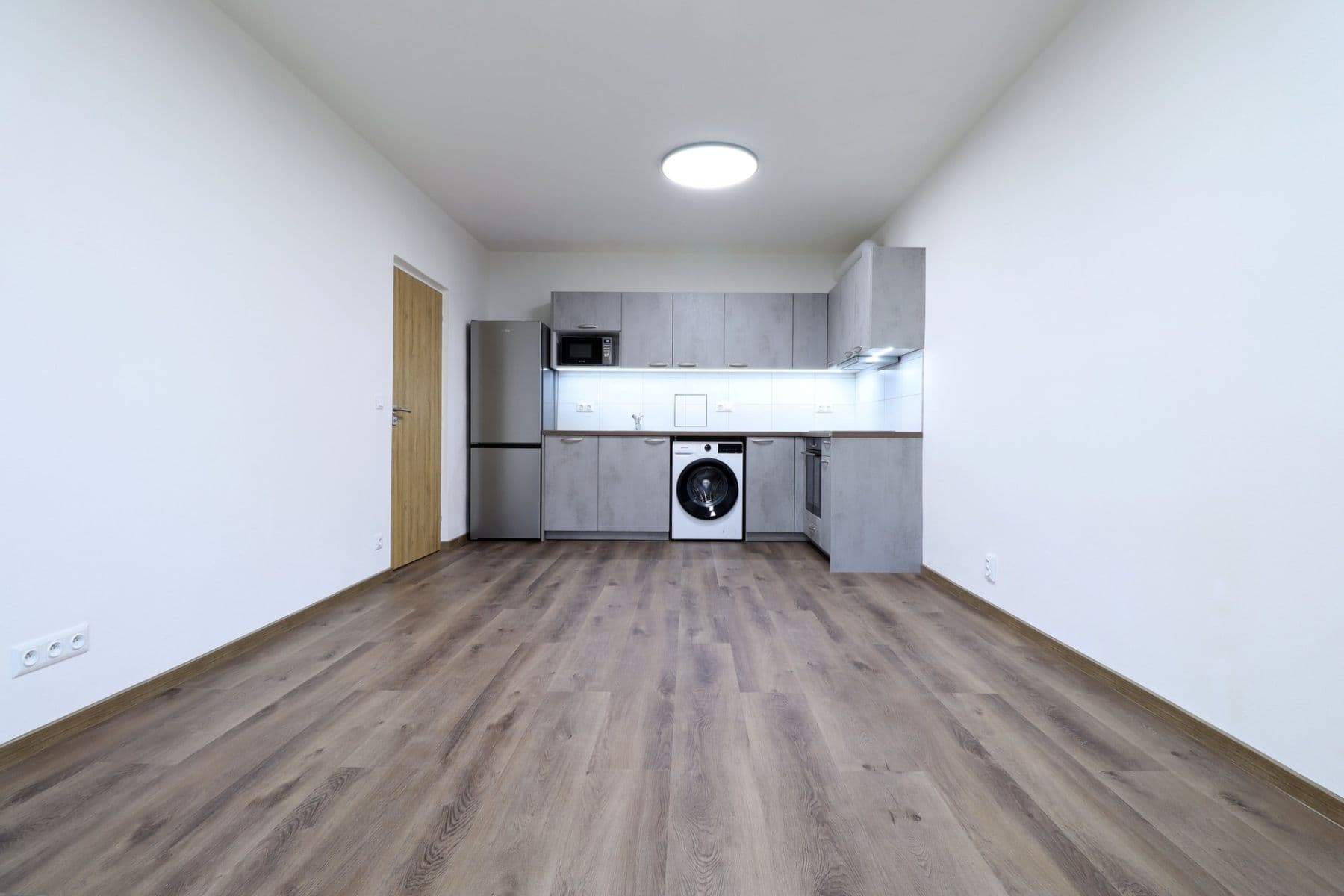 Pronájem bytu 2+kk 43 m², Jemnická, Praha, Praha Pronájem bytu 2+kk 43 m², Jemnická, Praha, Praha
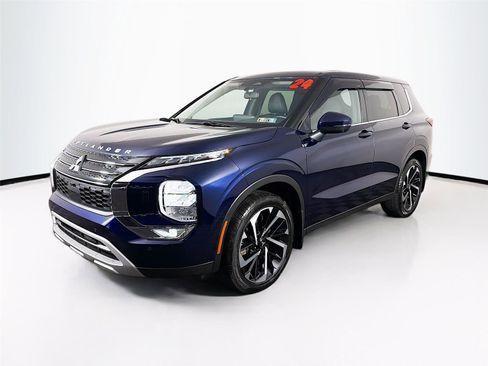 Used 2024 Mitsubishi Outlander SE image 3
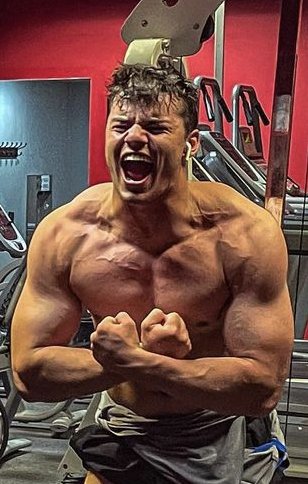 Catchin' that "It's Finally Friday" Feeling! #BEASTMODE #ToTheTop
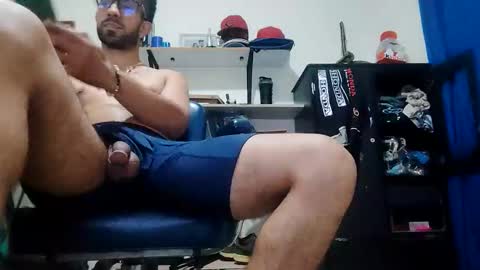 thehousedog online show from February 14, 2026, 2:30 am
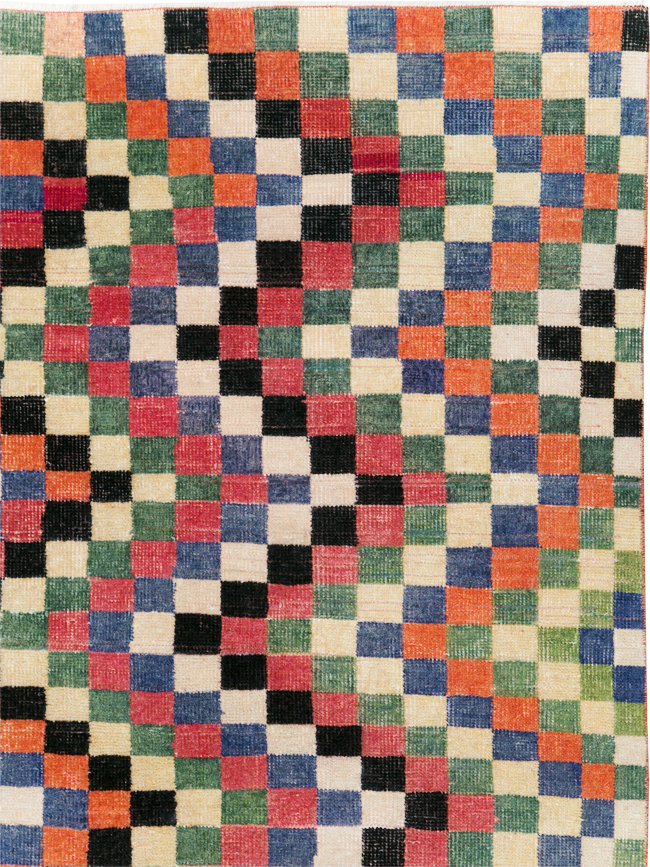 Vintage Turkish Anatolian Accent Carpet, No.23816 - Staging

--- Problem requirements ---
Please copy only the lines from the one that contains "thehousedog online show" through the last line of the records, exactly, and keep every picture out of the copy.

--- Solved problem ---
 thehousedog online show from February 14, 2026, 2:30 am
 Vintage Turkish Anatolian Accent Carpet, No.23816 - Staging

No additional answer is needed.